Marie Morrison, this year’s Telstra Northern Territory Business Woman of the Year, started Troppi-Kids as a hobby. The company, which now sells its garments through boutiques around the country, has recently been awarded a $30,000 government contract to provide uniforms for the Arafura Games.
Where did the idea for Troppi-Kids come from ?
When I moved to Darwin I had small children and couldn’t find anything for them to wear that was suitable for the tropical climate. I started making things for them out of pure cotton and interesting bright fabrics. At the time there were no department stores in Darwin and there was a huge gap in the market for cool, bright kids clothes that suited the climate, so a partner and I started up Troppi-Kids.
What gave you the courage to make the move into your own business?
It wasn’t so much a definite move.
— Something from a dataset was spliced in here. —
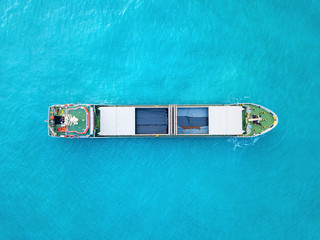 Large Cargo ship loaded with Metal rods anchored at sea - Aerial image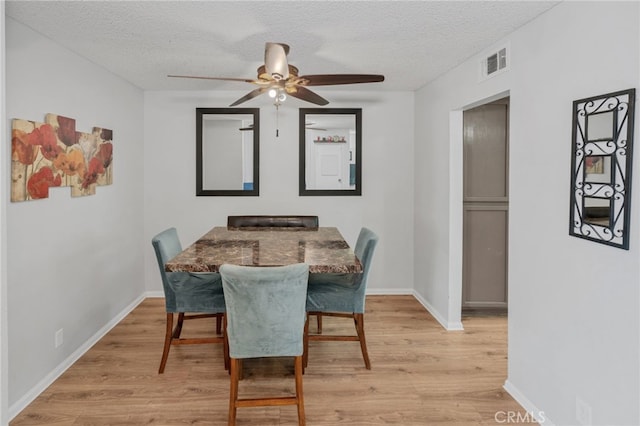 dining space with visible vents, light wood-style floors, ceiling fan, and a textured ceiling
I did it slowly and the courage came from my business partner who said let’s give it a go, and the positive feedback we got from people. I was also studying fashion part time and was looking for some income and a business interest. The first year our collection sold $300 worth in a weekend and the second year it jumped to $5,500 in a weekend. It has been steadily growing over the past 10 years and we now sell several hundreds of thousands of dollars worth a year.
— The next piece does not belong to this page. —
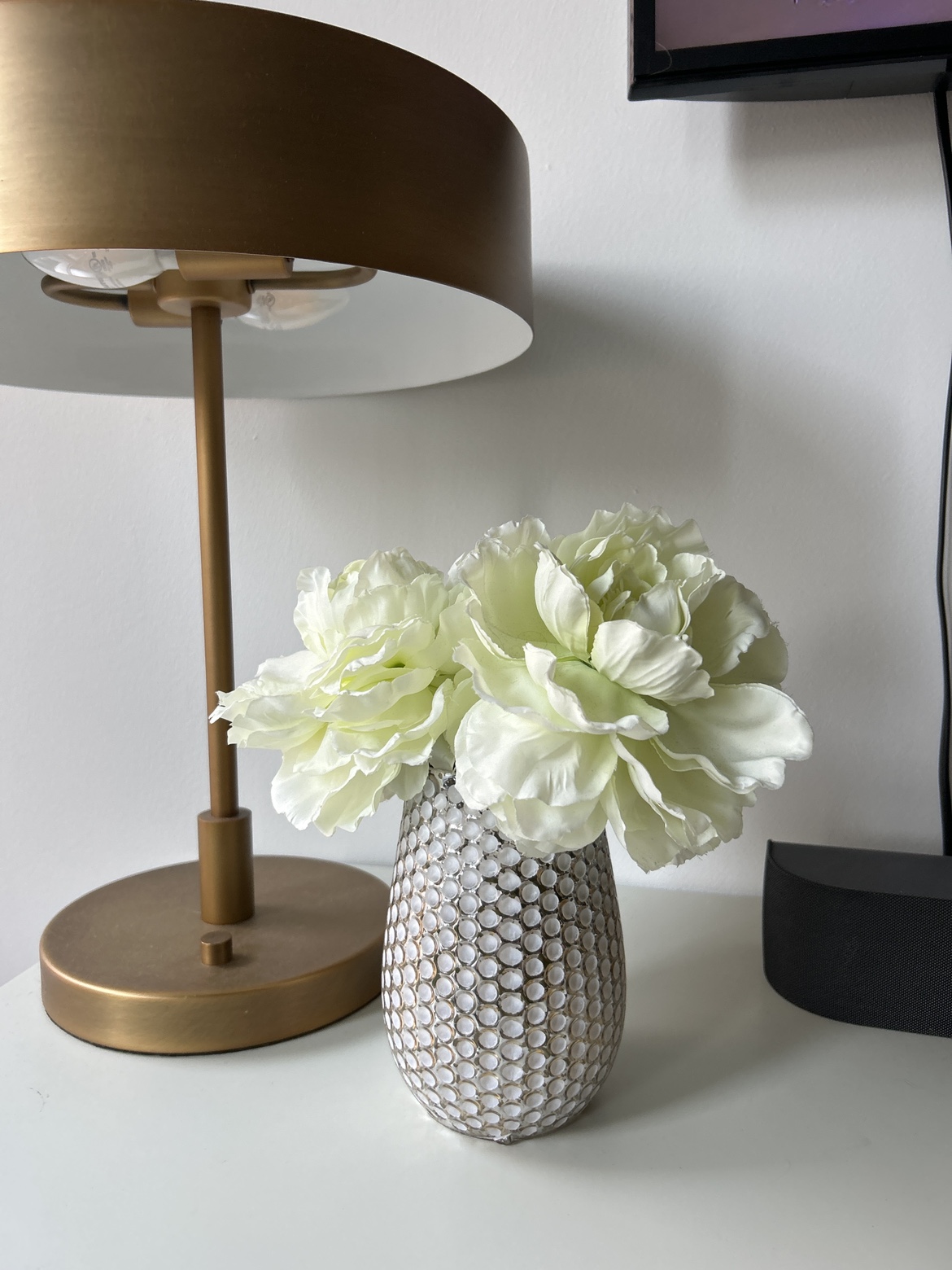Artificial peonies and vase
What has been the biggest hurdle ?
Fitting in family life, a partner and kids, and trying to find any time for myself while still doing justice to the business.
What is the motivation?
To be successful, within reason. I would like things to grow, however, I’m aware bigger isn’t always better when it comes to profit. I also love the fact that my things are being sold to people I don’t know, in places I haven’t been.
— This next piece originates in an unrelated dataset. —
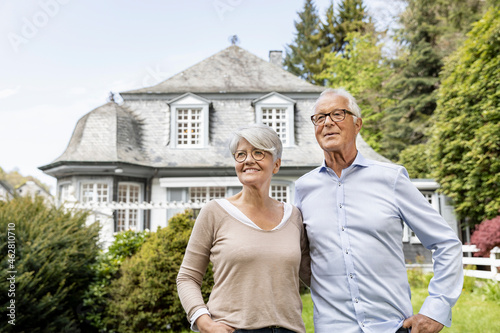 Smiling senior couple standing in garden of their home photo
Who are your mentors ? Inspirational books/people etc?
Early on, when I took my clothes to Queensland for an expo there were some kids clothes businesses there that inspired me. The women who ran them were so creative and that showed me not to get bogged down in the business side of things. Also, someone was selling their clothes internationally and that inspired me to sit back and balance the creativity with the business side of things.
What is your top strategy for success ?
When you’re in a competitive industry you need to be flexible and ready to respond to new directions. As a small business that’s where you’ve got an advantage over large businesses, which have a harder time adapting to customers’ needs.
Marie Morrison first started Troppi-Kids from home and what began as a part-time hobby has now turned into a full time career and a very profitable business. Troppi-Kids is a company that manufactures unique clothes to suit the Northern Territory’s conditions. Marie is also responsible for designing a very popular garment called “skorts” which combines the design of skirts and shorts in one garment for schoolgirls.